- _GIVEN RECORDS_

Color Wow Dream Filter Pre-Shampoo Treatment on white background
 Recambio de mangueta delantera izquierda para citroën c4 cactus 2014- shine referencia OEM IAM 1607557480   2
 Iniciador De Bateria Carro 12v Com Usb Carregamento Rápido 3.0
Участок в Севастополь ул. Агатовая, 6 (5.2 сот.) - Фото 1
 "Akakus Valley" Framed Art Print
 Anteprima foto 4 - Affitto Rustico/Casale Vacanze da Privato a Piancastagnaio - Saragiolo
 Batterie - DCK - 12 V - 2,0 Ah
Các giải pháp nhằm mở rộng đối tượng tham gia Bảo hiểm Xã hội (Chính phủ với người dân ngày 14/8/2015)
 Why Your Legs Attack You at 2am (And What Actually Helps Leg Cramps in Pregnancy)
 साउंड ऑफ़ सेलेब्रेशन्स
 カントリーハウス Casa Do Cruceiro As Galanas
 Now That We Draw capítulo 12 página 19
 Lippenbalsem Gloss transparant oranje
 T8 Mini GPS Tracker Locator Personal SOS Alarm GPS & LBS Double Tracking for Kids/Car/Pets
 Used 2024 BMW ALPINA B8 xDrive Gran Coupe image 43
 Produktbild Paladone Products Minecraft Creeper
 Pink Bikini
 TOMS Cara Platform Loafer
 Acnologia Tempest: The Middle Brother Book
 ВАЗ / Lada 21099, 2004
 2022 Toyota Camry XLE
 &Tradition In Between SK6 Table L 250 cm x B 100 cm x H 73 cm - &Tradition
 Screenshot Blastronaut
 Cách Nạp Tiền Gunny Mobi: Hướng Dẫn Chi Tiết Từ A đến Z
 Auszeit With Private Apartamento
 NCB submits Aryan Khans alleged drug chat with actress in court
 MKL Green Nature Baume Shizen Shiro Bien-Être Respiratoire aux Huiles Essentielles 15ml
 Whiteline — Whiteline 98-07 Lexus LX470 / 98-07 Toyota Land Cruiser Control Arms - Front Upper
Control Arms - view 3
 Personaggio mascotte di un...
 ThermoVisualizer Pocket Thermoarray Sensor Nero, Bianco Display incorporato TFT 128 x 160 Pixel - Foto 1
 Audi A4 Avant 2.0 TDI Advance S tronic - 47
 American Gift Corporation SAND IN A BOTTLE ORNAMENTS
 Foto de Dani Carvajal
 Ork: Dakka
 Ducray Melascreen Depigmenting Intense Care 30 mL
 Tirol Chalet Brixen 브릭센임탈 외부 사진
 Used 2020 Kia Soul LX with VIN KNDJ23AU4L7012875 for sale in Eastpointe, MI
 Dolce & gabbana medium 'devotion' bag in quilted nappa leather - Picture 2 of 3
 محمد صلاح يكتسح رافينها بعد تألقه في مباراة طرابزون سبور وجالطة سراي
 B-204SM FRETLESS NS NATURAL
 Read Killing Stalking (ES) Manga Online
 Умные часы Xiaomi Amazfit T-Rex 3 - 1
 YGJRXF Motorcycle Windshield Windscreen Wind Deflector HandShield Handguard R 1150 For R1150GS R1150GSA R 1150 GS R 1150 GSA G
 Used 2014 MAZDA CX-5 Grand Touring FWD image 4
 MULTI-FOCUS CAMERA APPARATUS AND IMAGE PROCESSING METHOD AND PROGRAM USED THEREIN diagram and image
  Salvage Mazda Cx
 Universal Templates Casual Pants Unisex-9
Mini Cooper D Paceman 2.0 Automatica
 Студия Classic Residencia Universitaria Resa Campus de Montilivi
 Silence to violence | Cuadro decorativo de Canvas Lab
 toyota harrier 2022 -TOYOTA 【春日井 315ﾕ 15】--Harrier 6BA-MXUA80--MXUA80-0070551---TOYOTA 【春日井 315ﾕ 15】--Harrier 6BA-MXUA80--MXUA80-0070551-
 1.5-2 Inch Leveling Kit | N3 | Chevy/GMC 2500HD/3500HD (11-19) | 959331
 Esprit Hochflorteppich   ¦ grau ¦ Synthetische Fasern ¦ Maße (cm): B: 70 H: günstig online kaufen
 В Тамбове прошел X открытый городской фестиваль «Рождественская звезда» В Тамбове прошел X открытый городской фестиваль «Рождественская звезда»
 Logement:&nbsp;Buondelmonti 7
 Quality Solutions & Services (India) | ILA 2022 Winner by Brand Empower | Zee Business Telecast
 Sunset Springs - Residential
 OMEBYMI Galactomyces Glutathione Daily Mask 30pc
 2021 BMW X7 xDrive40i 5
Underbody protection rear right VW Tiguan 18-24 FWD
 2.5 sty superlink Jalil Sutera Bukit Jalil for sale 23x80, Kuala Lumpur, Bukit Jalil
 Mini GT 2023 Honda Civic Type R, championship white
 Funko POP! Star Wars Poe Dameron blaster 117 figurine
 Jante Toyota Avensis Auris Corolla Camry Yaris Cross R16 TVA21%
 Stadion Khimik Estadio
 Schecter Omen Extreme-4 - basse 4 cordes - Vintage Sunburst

- _TASK TO COMPLETE_
All that is wanted is the stretch of lines above from the one containing "American Gift Corporation" through the one containing "Умные часы Xiaomi Amazfit T-Rex 3 - 1", duplicated exactly.

- _RESULT_
 American Gift Corporation SAND IN A BOTTLE ORNAMENTS
 Foto de Dani Carvajal
 Ork: Dakka
 Ducray Melascreen Depigmenting Intense Care 30 mL
 Tirol Chalet Brixen 브릭센임탈 외부 사진
 Used 2020 Kia Soul LX with VIN KNDJ23AU4L7012875 for sale in Eastpointe, MI
 Dolce & gabbana medium 'devotion' bag in quilted nappa leather - Picture 2 of 3
 محمد صلاح يكتسح رافينها بعد تألقه في مباراة طرابزون سبور وجالطة سراي
 B-204SM FRETLESS NS NATURAL
 Read Killing Stalking (ES) Manga Online
 Умные часы Xiaomi Amazfit T-Rex 3 - 1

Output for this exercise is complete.